Radio Television Libre des Mille Collines gained notoriety during 1994 for transmitting broadcasts inciting hardline Rwandan ethnic Hutus to carry out a genocide that left 800,000 Tutsis and moderate Hutus dead.

“Any comparison of VOA programming to the genocidal broadcasts of Rwanda’s Radio Mille Collines is incorrect and unfortunate,” Danforth Austin, director of Washington-based VOA, said in an e-mailed statement yesterday.

On March 4, VOA reported that its Amharic-service broadcasts to Ethiopia were being jammed. Shimeles Kemal, a government spokesman, called the accusation “an outright lie” and said Ethiopia’s constitution forbids jamming of news broadcasts. Meles said yesterday that the government had been
trying to “beef up” its capacity to interfere with VOA’s signal.

Jamming Capacity

“If they assure me at some future date that they have the capacity to jam it then I will give them the clear guideline to jam it,” Meles said, adding that recent broadcasts may have been unintelligible because “they may have been testing the equipment that they have for jamming.”
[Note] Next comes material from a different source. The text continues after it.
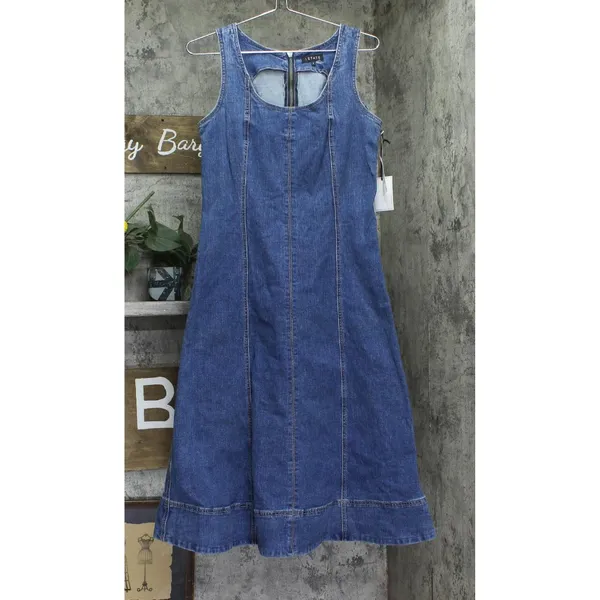 NWT 1. State Scoop-Neck Sleeveless Denim Fit & Flare Midi Dress Blue Quartz S - Image 4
VOA, along with Germany’s Deutsche Welle, are the only two foreign broadcasters that provide a news service in Ethiopia’s main language. The Ethiopian government owns the country’s only television broadcaster and domestic radio waves are dominated by government and ruling-party stations.
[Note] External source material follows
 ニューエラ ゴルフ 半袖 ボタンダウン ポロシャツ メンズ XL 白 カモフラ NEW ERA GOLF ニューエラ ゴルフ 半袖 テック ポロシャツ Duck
“VOA deplores jamming as a form of media censorship wherever it may occur,” Austin said in the statement.

Ethiopia has been a key ally of the U.S. in recent years. U.S.-backed Ethiopian troops invaded Somalia in December 2006, occupying Mogadishu for two years and assisting the U.S. in pursuit of suspected al-Qaeda members. The U.S. trains Ethiopia’s military and American aid to the country topped $850
million last year.

Political tensions in Ethiopia have been rising ahead of elections scheduled for May 23.

Violence

On March 2, an opposition candidate for parliament from Meles’s home region of Tigray was stabbed to death. Two other opposition candidates were beaten that week, and opposition leaders have accused the government of responsibility. The government has said the violence was not politically motivated.

In February a newspaper columnist was jailed for criticizing Meles and at least a dozen Ethiopian reporters fled the country in 2009 citing government harassment, according to a statement from the New York-based Committee to Protect Journalists.

Ethiopia has “several hundred” political prisoners, according to a U.S. State Department report released earlier this month. They include opposition leader Birtukan Mideksa, who has been jailed under a life sentence since 2008 and whose “mental health had deteriorated significantly,” the State Department said.

Meles has called the State Department allegations “lies” and said the U.S. was opening itself to criticism by reporting false allegations of human rights abuses.